The ProPublica investigation into COMPAS, the criminal risk assessment algorithm, that documented the system's racially disparate error rates — higher false positive rates for Black defendants, higher false negative rates for white defendants. This investigation launched one of the most productive debates in AI ethics, prompted significant academic research on competing definitions of algorithmic fairness, and remains one of the most important pieces of AI ethics journalism produced. The investigation methodology, the company's response, and the subsequent academic debate are all instructive. Available at propublica.org/article/machine-bias-risk-assessments-in-criminal-sentencing.


Metz, Cade, and Mike Isaac. "Facebook's AI Whisperer Got Caught in a Messy Power Struggle." The New York Times, February 24, 2021.

This piece covers the departure of Timnit Gebru from Google and the broader internal dynamics that shape how AI ethics functions (and malfunctions) inside large technology companies. It is an important piece of business journalism for understanding the structural pressures on internal AI ethics practitioners — the precarious institutional position of people who raise ethical concerns inside organizations oriented toward speed and competitive advantage. The Gebru episode is relevant to the chapter's discussion of technologists within companies and the conditions required for internal ethics work to be genuinely effective.


Dwoskin, Elizabeth. "The Dutch Tried to Root Out Welfare Fraud With an Algorithm. It Got Messy." The Washington Post, October 26, 2021.

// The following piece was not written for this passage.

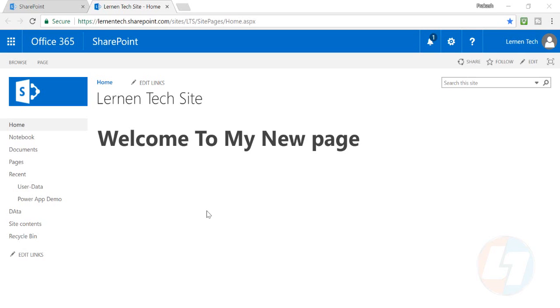Hello everyone, my name is Prakash Mithani and welcome to Learn Tech. In this video I'm going to talk about how you can make your custom page as your default home page.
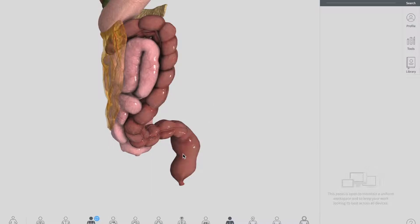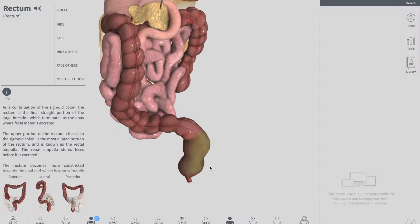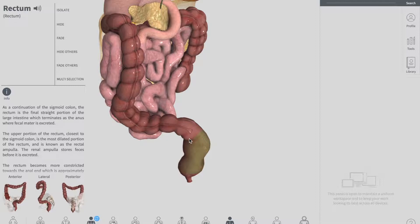Remember that the rectum is the most distal segment of your large intestine and has an important role as a temporary store of feces. It is continuous proximally with your sigmoid colon. This is your descending colon, which moves on further into your sigmoid colon, and the sigmoid colon ends up into the rectum, which finally terminates into your anal canal.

A detailed journalistic account of both the SyRI case and the broader childcare benefit scandal in the Netherlands, providing context that complements the academic and legal analysis available in other sources. Dwoskin's reporting places both cases in the context of a broader policy debate in the Netherlands about automated government decision-making and provides accessible accounts of how the systems operated and how they harmed specific individuals. Essential context for Case Study 1.


Online Resources and Tools

Partnership on AI (partnershiponai.org)

A multi-stakeholder organization that brings together AI researchers, technology companies, civil society organizations, and academic institutions to develop best practices and advance the public understanding of AI. PAI's website includes working groups, case studies, and resources on topics including fairness, transparency, accountability, worker rights, and AI safety. Their Tenets and their ABOUT ML project (documenting machine learning systems) are particularly useful reference points.


AI Now Institute (ainowinstitute.org)

The AI Now Institute at New York University is one of the leading academic research centers on the social implications of AI. The Institute's website provides access to all of its annual reports, policy briefs, and research papers, as well as resources for advocates and practitioners. For readers interested in the governance and accountability dimensions of AI ethics — who makes decisions about AI, who holds power, who is held accountable — this is an essential ongoing resource.


Algorithm Watch (algorithmwatch.org)

A non-profit research and advocacy organization based in Germany that investigates the social effects of algorithmic decision-making in Europe and beyond. Algorithm Watch's website includes policy analysis, investigative reporting, and case studies from a specifically European perspective. Their coverage of the SyRI case, the EU AI Act's development, and the DSA's implementation is among the most detailed available in English. Particularly valuable for readers engaged with the global variation theme and with European AI governance specifically.


Note on citations: All sources listed above are real, published works by the named authors. Readers should be aware that AI ethics is a rapidly evolving field; publication dates are noted, and readers should seek more recent sources for developments since the dates indicated. The ACM Conference on Fairness, Accountability, and Transparency (FAccT) proceedings are an important annual source of new empirical and theoretical research and are freely available at dl.acm.org.